Advantages of margin trading
Margin trading has a high risk. There are several risks that need to be considered before opening a position. The first one is that the crypto market is mostly unregulated in comparison to traditional markets.
This put the market in danger of price manipulation, especially in crypto margin trading. Market movers are traders who influence the market because of the large amount of capital they hold.
They can take positions that can affect margin trading positions, this will put traders at high risk especially the crypto margin traders.
A trader with high leverage in crypto positions operates in a shorter liquidation window. One needs to calculate potential price movements that would cause the liquidation of the trading position. There are some trading tools that can help to calculate these risks.
- Margin trading in cryptocurrencies may be crucial for gaining some profits as it gives more access to funds by the leverage and the fund you can borrow and repay them with little interest. In this way, traders can gain more profit if the market goes in the right direction.
- With margin trading, you feel the freedom to open a position even with a small amount of capital, that otherwise not be possible because you are using some form of leverage.
Disadvantages of margin trading
- As simple as you can earn benefits from having leverage, you can lose much when the market goes against your choice.
- You should expect significant losses when the market goes down, and you end up being on the wrong end. In simple words, cryptocurrencies with more volatile markets can bring more losses even in smaller investments.
KuCoin is one of the famous exchanges in the crypto market, It has various trading features that users can use and choose the feature they want to trade with. here we are going to read about margin trading and different types of it in Kucoin. Kucoin clone script is a fast and secure way for entrepreneurs who want to develop an exchange like Kucoin with all its features and functions in the short time
Now let’s see how does trading in kuCoin work?
KuCoin has launched its margin trading services in 2019, where users can trade all kinds of cryptocurrencies with up to 10X leverage. Now let’s see how we can trade in KuCoin?
Margin trading on the KuCoin platform is relatively upstanding. So let’s see how it works;
Step 1: Visit the official website of KuCoin and sign-up.
Step 2: then you have to enable a margin trading account. For doing this, when you log into the Kucoin website, click on “trade” and select “margin trading”.
Step 3: then in this part, you need to deposit funds on the margin account after depositing funds, then you have to choose the type of trading you want to execute –spot, futures, and margin trading which has two styles: cross margin and isolated margin.
we will explain the difference between a cross and isolated margin in the following but for now, let’s stick to the steps.
Step 4: Then it’s time to choose the order type you want to start the trading with based on your analysis.
Step 5: when you gain profit, then it’s time to return the funds you have borrowed funds, there are two methods for paying back the assets you have borrowed. First, one is to repay the loan on a time priority basis which means you can repay the borrowed tokens first. Or you can replay on an interest rate priority basis, you repay the tokens with higher interest first.

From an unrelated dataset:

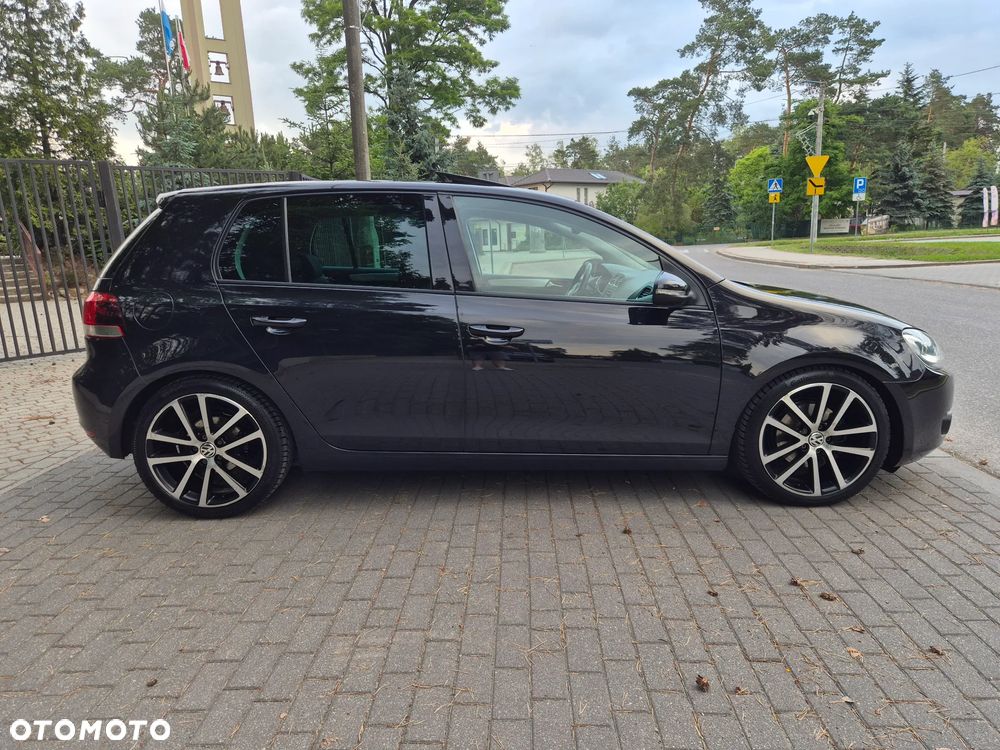 Volkswagen Golf 1.4 TSI Highline - 18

Cross margin Vs Isolated margin
cross margin: margin is shared between open positions with the same settlement cryptocurrencies. In cross margin mode, the margin is shared across the user’s account. Cross margin uses the whole cryptocurrencies which is available in the account to prevent liquidation.
Isolated margin: The isolated margin position is not dependent on the number of funds in your account or your borrowing history. In Isolated margin, any Available Balance you may have will not be used to add margin to your position. By trading with the isolated margin mode, you can limit the losses to the initial margin set, this will help the short-term speculative trade in case they turned out to be incorrect.